But, for all that, there is a Beyond, and he who has once caught a glance of it, is like a man who has gazed at the sun — wherever he looks, everywhere he sees the image of the sun. Speak to him of finite things, and he will tell you that the Finite is impossible and meaningless without the Infinite. Speak to him of death, and he will call it birth ; speak to him of time, and he will call it the mere shadow of eternity. To us the senses seem to be the organs, the tools, the most powerful engines of knowledge ; to him they are, if not actually deceivers, at all events heavy fetters, checking the flight of the spirit. To us this earth, this life, all that we see, and hear, and touch is certain. Here, we feel, is our home, here lie our duties, here our pleasures. To him this earth is a thing that once was not, and that again will cease to be ; this life is a short dream from which we shall soon awake. Of nothing he professes greater ignorance than of what to others seems to be most certain, namely what we see, and hear, and touch ; and as to our home, wherever that may be, he knows that certainly it is not here.

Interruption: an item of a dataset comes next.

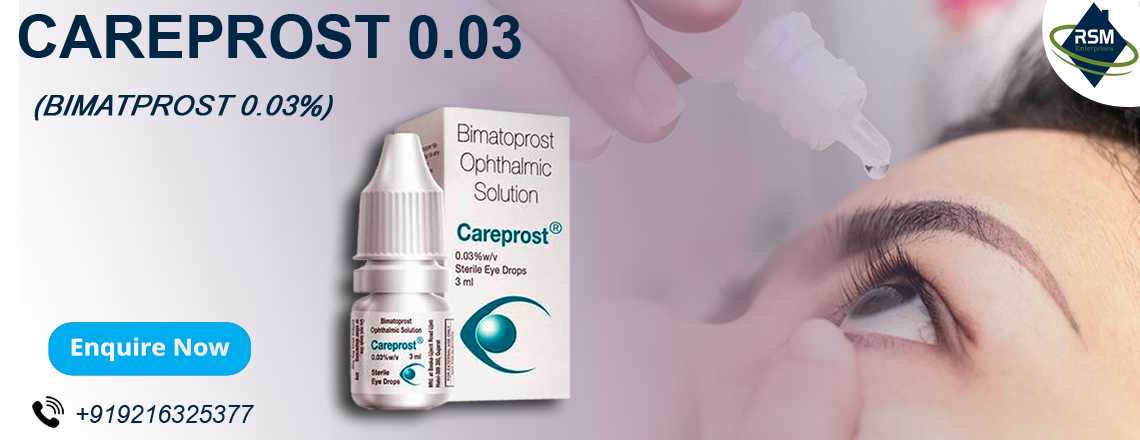 Treat Glaucoma with an Amazing Eye Solution Careprost 0.03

I do not wish by what I have said to raise any exaggerated expectations as to the worth of these ancient hymns of the Veda, and the character of that religion which they indicate rather than fully describe. The historical importance of the Veda can hardly be exaggerated; but its intrinsic merit, and particularly the beauty or elevation of its sentiments, have by many been rated far too high. Large numbers of the Vedic hymns are childish in the extreme: tedious, low, commonplace. The gods are constantly inyoked to protect their worshippers, to grant them food, large flocks, large families, and a long life; for all which benefits they are to be rewarded by the praises and sacrifices offered day after day, or at certain seasons of the year. But hidden in this rubbish there are precious stones.